Pour Guy Laurion, les auxiliaires incarnent les yeux et les oreilles de toute l’équipe interdisciplinaire des établissements de santé.

Les auxiliaires déposent des griefs contre la privatisation des services

Les syndicats affiliés à la Fédération de la santé et des services sociaux (FSSS-CSN), qui représente notamment les auxiliaires dans le réseau de la santé, ont déposé dimanche des griefs exigeant la suspension immédiate d'un contrat donné à une agence de personnel, qui assurerait 1,3 millions d'heures de soutien à domicile actuellement offerts dans le secteur public.

«[On] s'oppose fermement à toute privatisation des services en santé et services sociaux», dit d'emblée la FSSS-CSN, dans un communiqué transmis aux médias dimanche matin.
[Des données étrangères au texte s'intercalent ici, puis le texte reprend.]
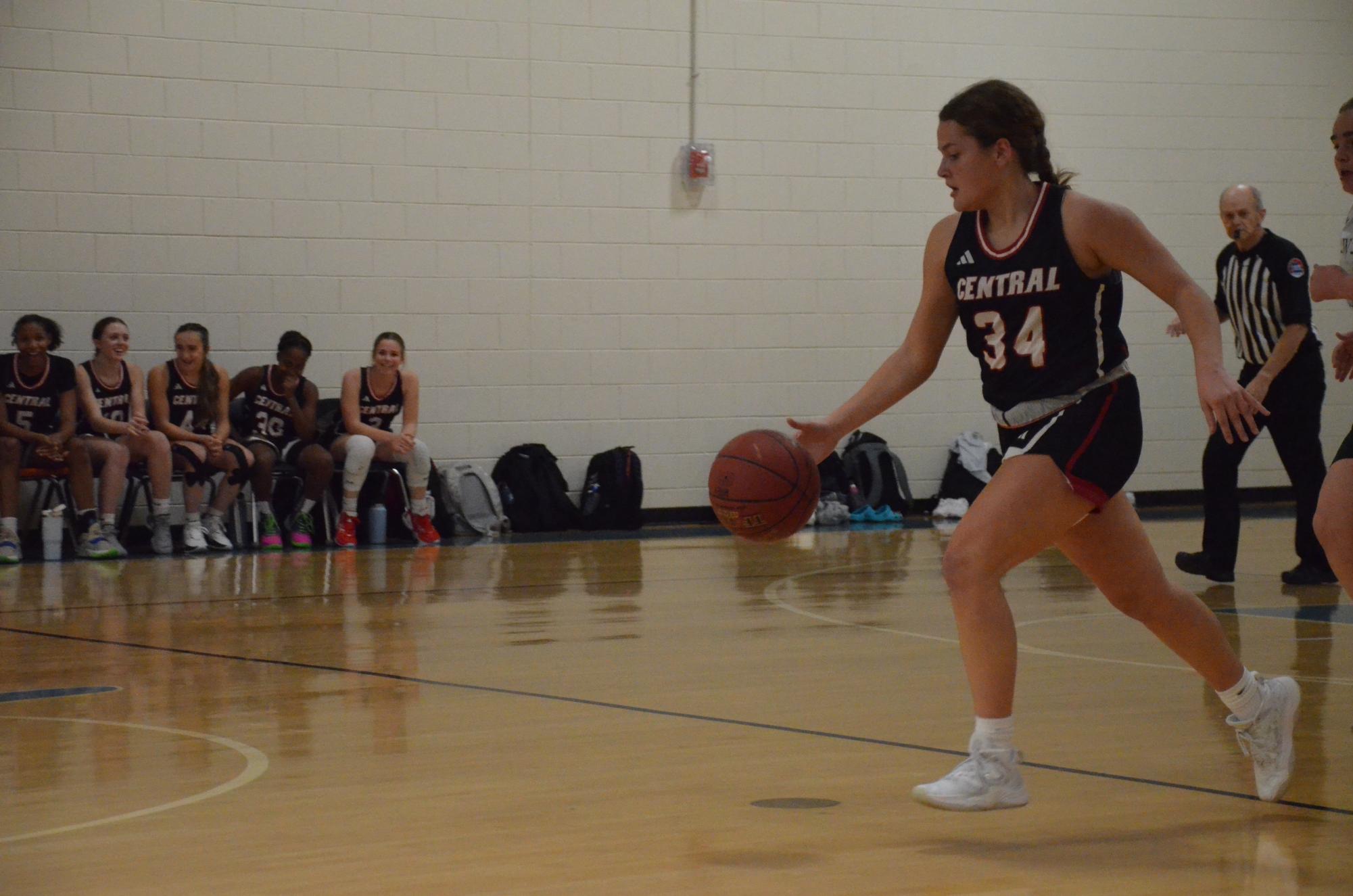 Kaitlyn King (12) dribbles down the court on Nov. 13 against Whitfield.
Au cours de récentes négociations, le regroupement syndical indique avoir obtenu des gains comme le renforcement des dispositions des conventions collectives «contre la sous-traitance, la privatisation et les recours aux agences de main-d'oeuvre».

C'est pourquoi les leaders du groupe plaident qu'en vertu de ces ententes, les employeurs sont normalement dans l'obligation d'offrir aux salariés l'occasion, d'abord et avant tout, de présenter une alternative publique à n'importe quel projet de privatisation. 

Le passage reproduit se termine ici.